■ WHAT IS BEING ASKED: Reproduce only the lines below from the line containing "FC Nantes - AS" to the line containing "T-Shirt 086", exactly as written, with both end lines kept. Omit the pictures.
▬▬▬▬▬▬
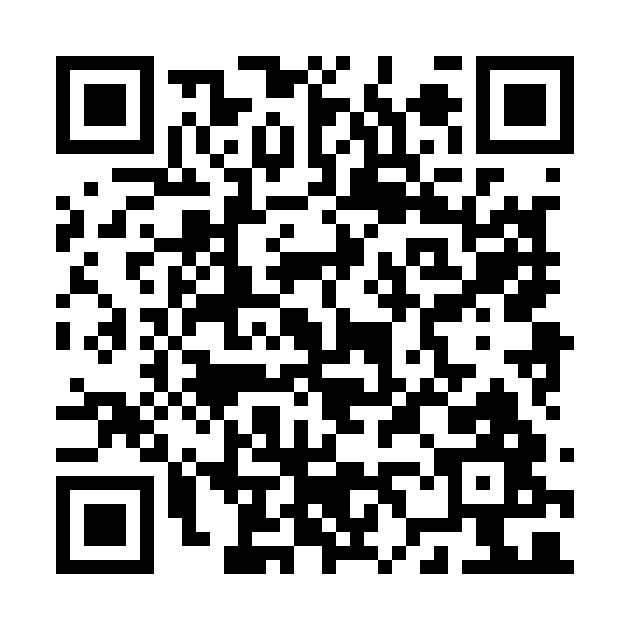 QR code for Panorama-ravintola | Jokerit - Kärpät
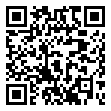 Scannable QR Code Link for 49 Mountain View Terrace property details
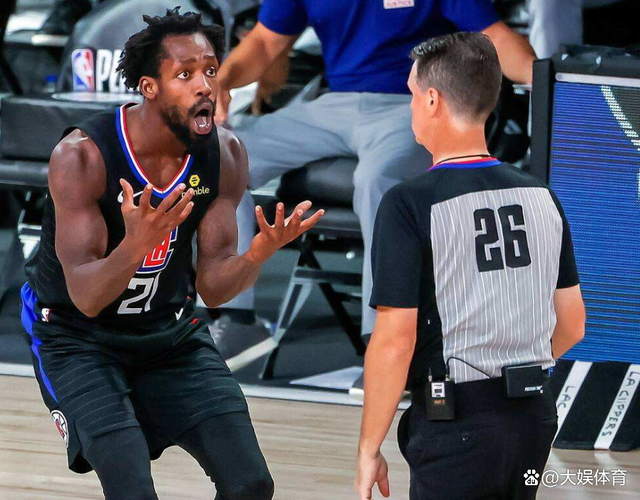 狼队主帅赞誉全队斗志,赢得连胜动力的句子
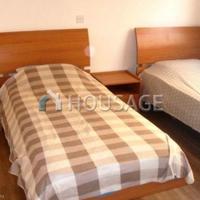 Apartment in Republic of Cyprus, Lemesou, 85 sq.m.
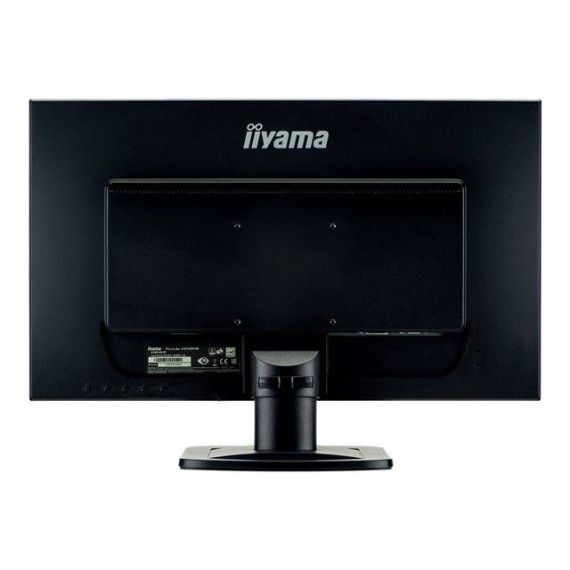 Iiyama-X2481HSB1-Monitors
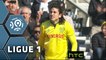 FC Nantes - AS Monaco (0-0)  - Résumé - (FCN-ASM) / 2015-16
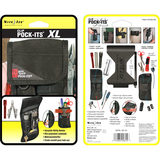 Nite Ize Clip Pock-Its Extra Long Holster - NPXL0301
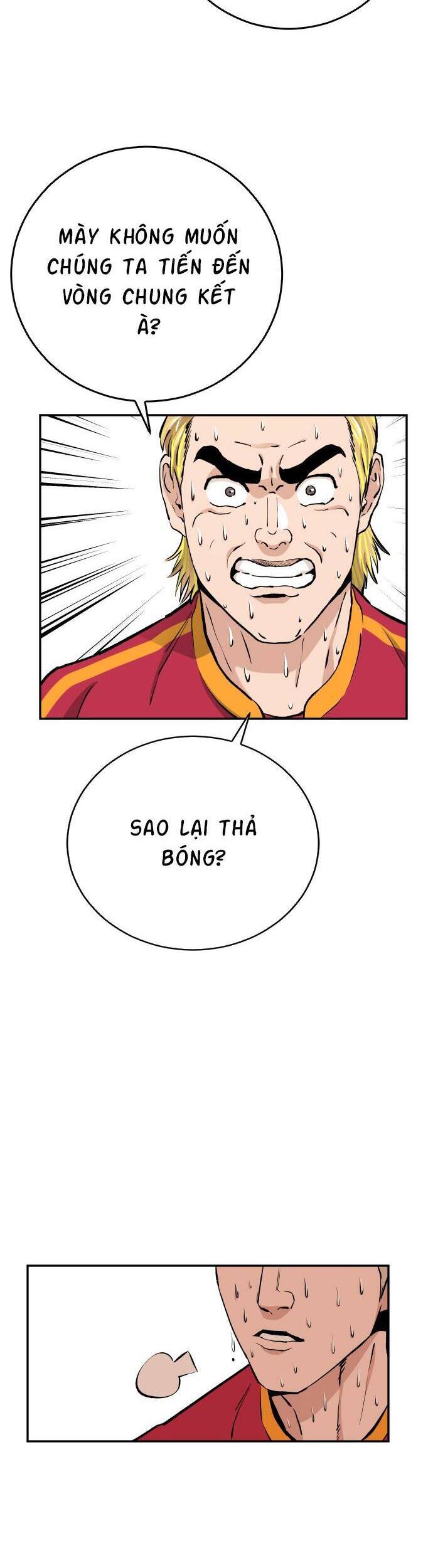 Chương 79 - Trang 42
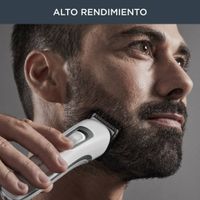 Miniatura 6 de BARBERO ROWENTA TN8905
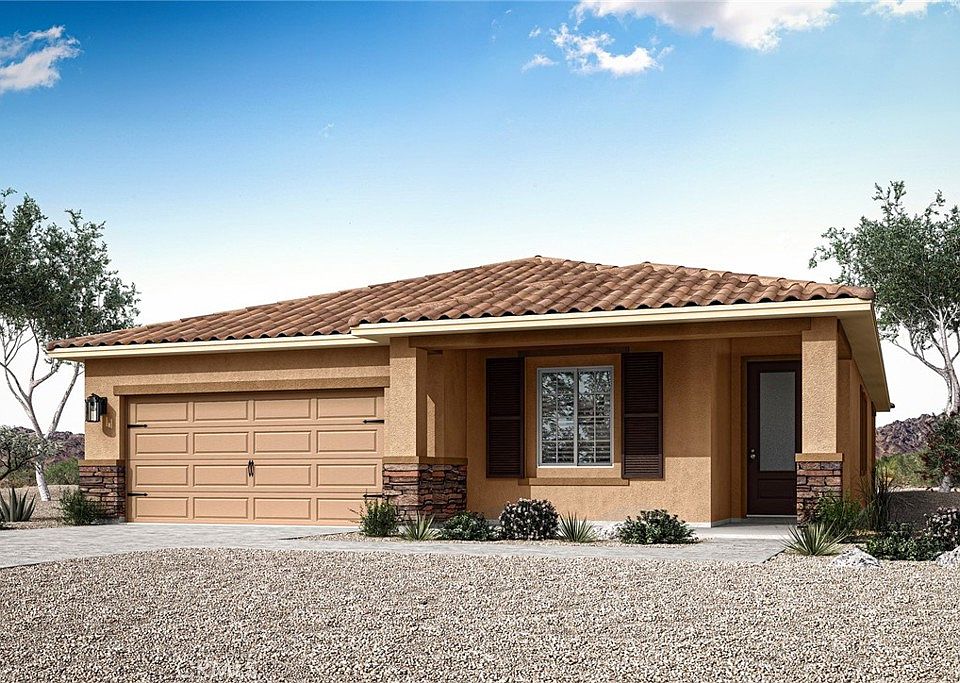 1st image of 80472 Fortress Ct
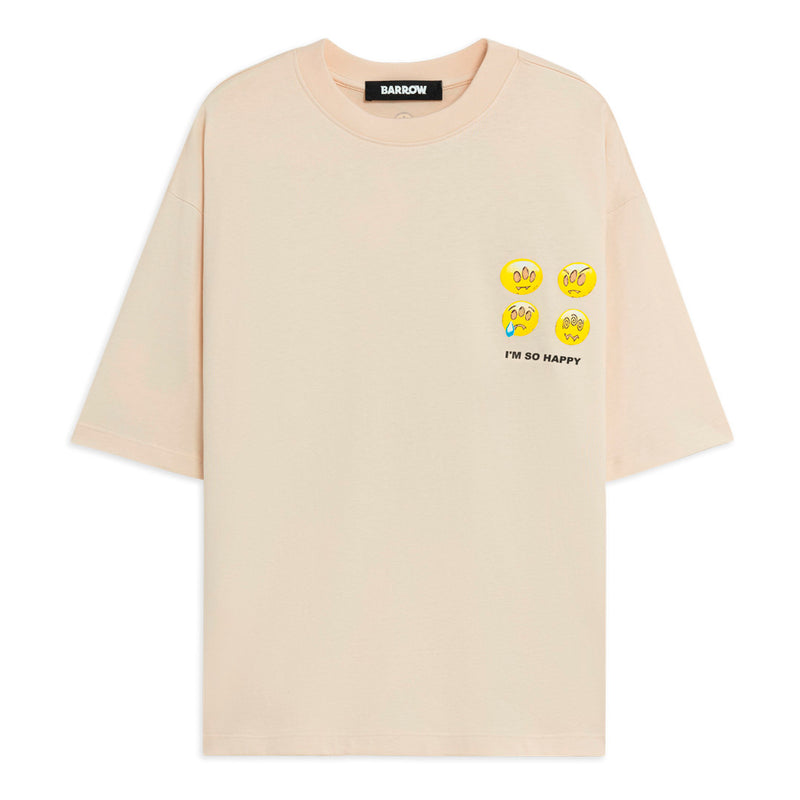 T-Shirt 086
▬▬▬▬▬▬
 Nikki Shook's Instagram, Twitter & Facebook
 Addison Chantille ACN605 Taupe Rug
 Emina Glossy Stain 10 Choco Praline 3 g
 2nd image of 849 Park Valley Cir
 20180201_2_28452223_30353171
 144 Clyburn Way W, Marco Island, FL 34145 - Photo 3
▬▬▬▬▬▬
■ SOLUTION TO THE PROBLEM:
 FC Nantes - AS Monaco (0-0)  - Résumé - (FCN-ASM) / 2015-16
 Nite Ize Clip Pock-Its Extra Long Holster - NPXL0301
 Chương 79 - Trang 42
 Miniatura 6 de BARBERO ROWENTA TN8905
 1st image of 80472 Fortress Ct
 T-Shirt 086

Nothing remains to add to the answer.